-
Notifications
You must be signed in to change notification settings - Fork 31
Example Fix Script
Vladimir Alexiev edited this page Aug 15, 2022
·
7 revisions
Here is an example Fix script taken from a production system at Ghent University Library that can be used for inspiration. This script is used to feed data from a MongoDB store of MARC records to a Black Light Solr installation.
#-
#- LLUDSS - Data cleaning fixes. Using MARC records as input
#-
#- 2013 [email protected]
#-
copy_field('merge.source','source')
copy_field('merge.id','id')
set_field('is_deleted','false')
set_field('is_hidden','false')
copy_field('merge.hidden','is_hidden')
if exists('merge.related_desc')
copy_field('merge.related_desc','json.merge_related_desc')
end
if exists('merge.deleted')
set_field('is_deleted','true')
else
#- Document Type
unless exists('type')
marc_map('920a','type')
lookup("type", "/opt/lludss-import/etc/material_types.csv", default:"other")
end
#- ISBN/ISSN
marc_map('020a','isbn.$append', join:'==')
marc_map('022a','issn.$append', join:'==')
join_field('isbn','==')
split_field('isbn','==')
join_field('issn','==')
split_field('issn','==')
replace_all('isbn.*','^([0-9xX-]+).*$','$1')
replace_all('issn.*','^([0-9xX-]+).*','$1')
#- Title
marc_map('245ab','title', join:' ')
replace_all('title','\[(.*)\]','$1')
copy_field('title','title_sort')
replace_all('title_sort','\W+','')
substring('title_sort',0,50)
downcase('title_sort')
copy_field('title','json.title')
marc_map('246','json.title_remainder', join:' ')
marc_map('245a','title_short')
#- Author
marc_map('100ab','author.$append', join:' ')
marc_map('700ab','author.$append', join:' ')
unless all_match('type','phd|master|bachelor')

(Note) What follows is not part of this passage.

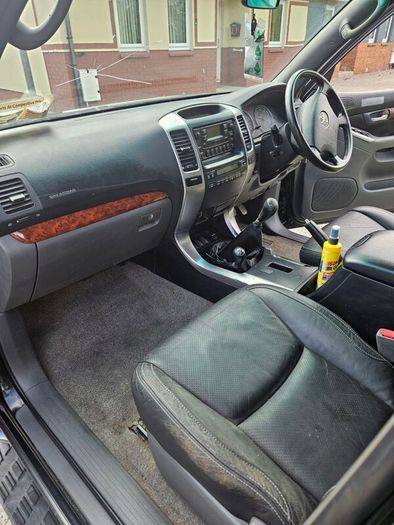 toyota land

marc_map('720ab','author.$append', join:' ')
end
author_names()
copy_field('author','json.author')
#- Imprint
marc_map('008_/7-10','year')
if all_match('year','[u^?-]{4}')
remove_field('year')
end
replace_all('year','\D','0')
if greater_than('2018','year')
remove_field('year')
end
if marc_match('008_/6-6','b')
prepend('year','-')
end
#- Edition
marc_map('250a','json.edition')
#- Description
marc_map('300a','json.desc_extend')
#- Summary
marc_map('505a','json.summary.$append', join:"\n")
marc_map('520a','json.summary.$append', join:"\n")
#- Als we een dissertation hebben dan is 502 de summary met 720 als promotor.
#- Dit is dan ook automatisch een UGent publiaction
if all_match('type','phd|master')
marc_map('502a','summary.$append')
if exists('summary');
join_field('summary','')
move_field('summary','json.summary.$append')
end
add_field('only.$append','ugent')
end
unless exists('json.summary')
weave_by_id('summary')
if exists('_weave.summary.data.summary')
copy_field('_weave.summary.data.summary','json.summary.$append')
end
remove_field('_weave')
end
#- Boost
unless exists('_boost')
weave_by_id('boost')
if exists('_weave.boost.data.boost')
copy_field('_weave.boost.data.boost','_boost')
end
remove_field('_weave')
end
#- Language
marc_map('008_/35-37','lang')
if all_match('lang','\W+')
set_field('lang','und')
end
#- Subject
marc_map('6**^0123456789','subject.$append', join:' ')
replace_all('subject.*','\.$','')
sort_field('subject', uniq:1)
copy_field('subject','json.subject')
#- Library, Faculty, Location
marc_map('852c','library.$append')
sort_field('library', uniq:1)
marc_map('852x','faculty.$append')
sort_field('faculty', uniq:1)
marc_map('852j','location.$append')
sort_field('location', uniq:1)
#- Host publication
host_publication()
move_field('host_publication','json.host_publication.$append')
#- Holding
if exists('p_holding')
copy_field('p_holding','year')
replace_all('year',' .*','')
move_field('p_holding','json.p_holding')
move_field('p_holding_txt','json.host_publication.$append')
end
if exists('e_holding')
copy_field('e_holding','year')
replace_all('year',' .*','')
move_field('e_holding','json.e_holding')
move_field('e_holding_txt','json.host_publication.$append')
end
join_field('json.host_publication','<br>');
#- Year cleanup
replace_all('year','^(?<=-)?0+','')
unless all_match('year','^-?([0-9]|[123456789][0-9]+)$')
remove_field('year')
end
#- Wikipedia
weave_by_id('wikipedia')
copy_field('_weave.wikipedia.data.wikipedia_url','json.wikipedia_url')
remove_field('_weave')
#- Cover Image
if all_match('merge.source','rug01|pug01|ebk01')
weave_by_id('cover')
copy_field('_weave.cover.data.cover_remote','json.cover_remote')
remove_field('_weave')
end
#- Cover card-catalog
if exists(cid)
add_field('json.cover_remote.$append','http://search.ugent.be/meercat/x/stream?source=rug02&id=')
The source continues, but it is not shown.